• **Your goal**
Take the line containing "empty room featuring" and every line after it to the end of the material below; reproduce them exactly, without pictures.

• **Data**
* * * * * * * * *

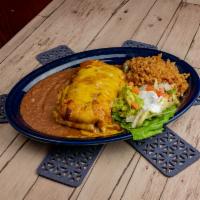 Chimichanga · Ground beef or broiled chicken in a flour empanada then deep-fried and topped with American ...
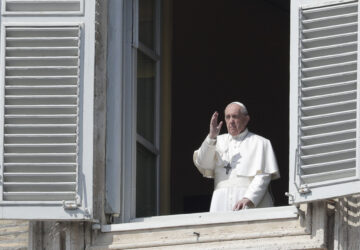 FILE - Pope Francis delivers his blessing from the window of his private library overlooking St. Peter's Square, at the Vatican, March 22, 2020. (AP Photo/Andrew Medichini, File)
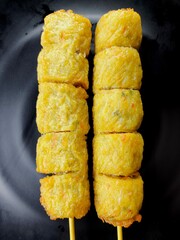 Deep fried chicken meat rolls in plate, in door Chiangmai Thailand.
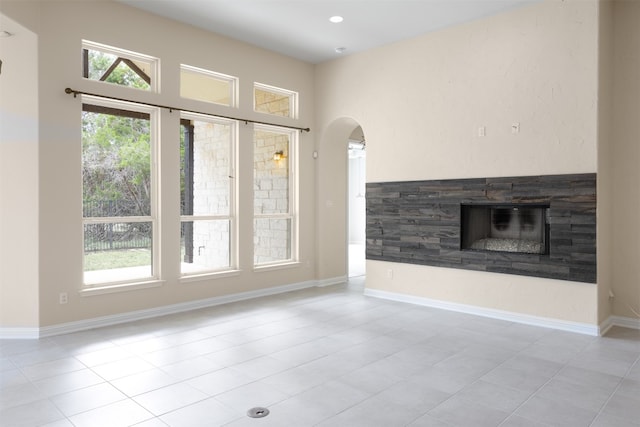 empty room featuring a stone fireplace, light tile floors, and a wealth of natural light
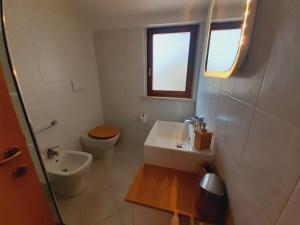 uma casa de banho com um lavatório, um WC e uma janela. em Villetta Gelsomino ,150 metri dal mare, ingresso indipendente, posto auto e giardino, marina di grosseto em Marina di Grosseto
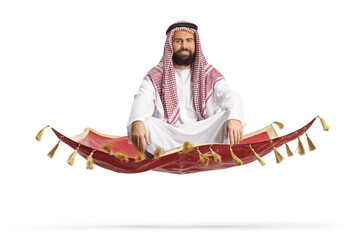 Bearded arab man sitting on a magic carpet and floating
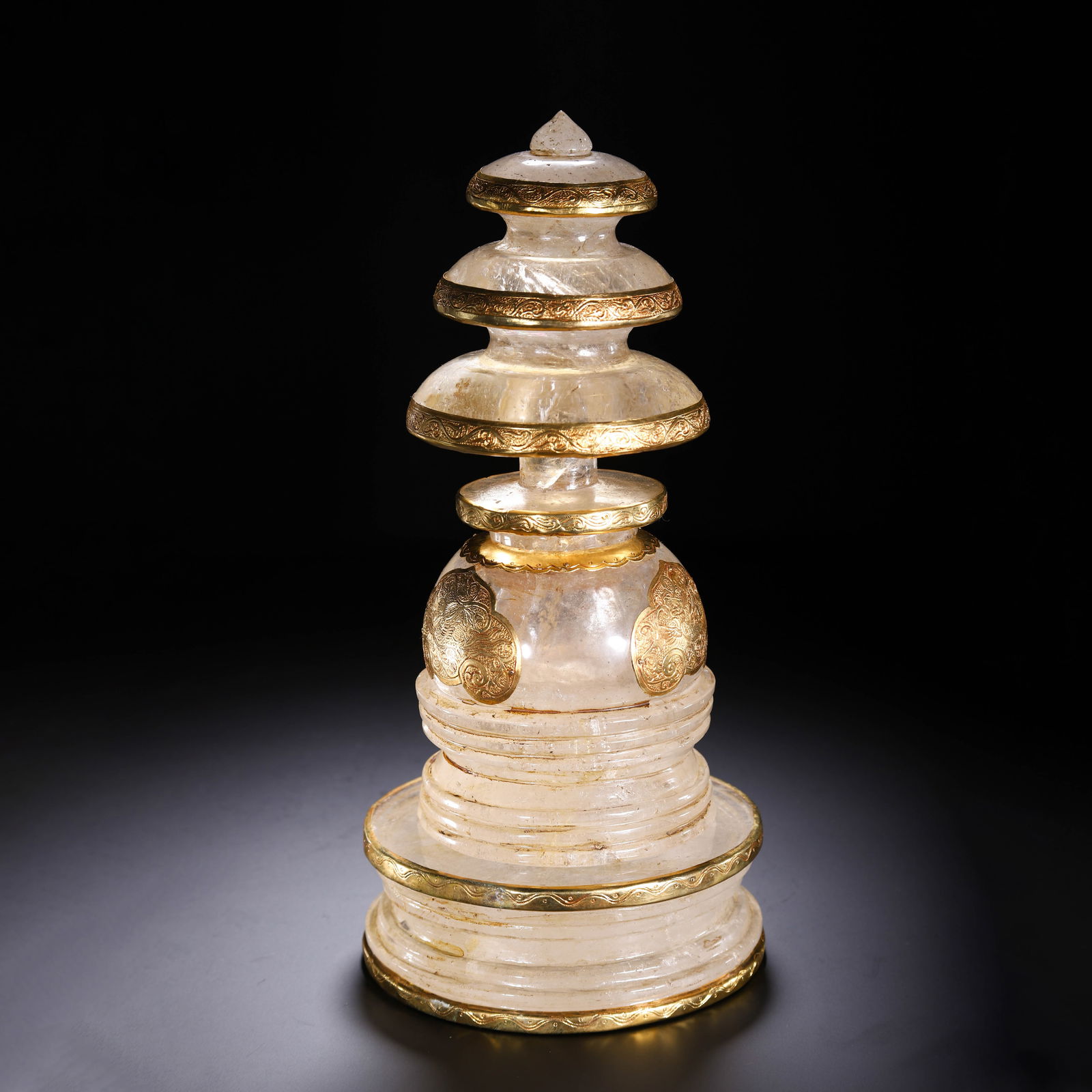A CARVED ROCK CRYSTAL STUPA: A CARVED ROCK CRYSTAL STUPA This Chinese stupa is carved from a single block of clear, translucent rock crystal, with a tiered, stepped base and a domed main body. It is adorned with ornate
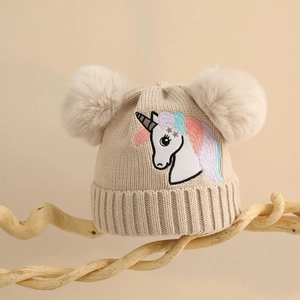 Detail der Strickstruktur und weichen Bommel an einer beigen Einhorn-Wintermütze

* * * * * * * * *

• **Exercise solution**
 empty room featuring a stone fireplace, light tile floors, and a wealth of natural light
 uma casa de banho com um lavatório, um WC e uma janela. em Villetta Gelsomino ,150 metri dal mare, ingresso indipendente, posto auto e giardino, marina di grosseto em Marina di Grosseto
 Bearded arab man sitting on a magic carpet and floating
A CARVED ROCK CRYSTAL STUPA: A CARVED ROCK CRYSTAL STUPA This Chinese stupa is carved from a single block of clear, translucent rock crystal, with a tiered, stepped base and a domed main body. It is adorned with ornate
 Detail der Strickstruktur und weichen Bommel an einer beigen Einhorn-Wintermütze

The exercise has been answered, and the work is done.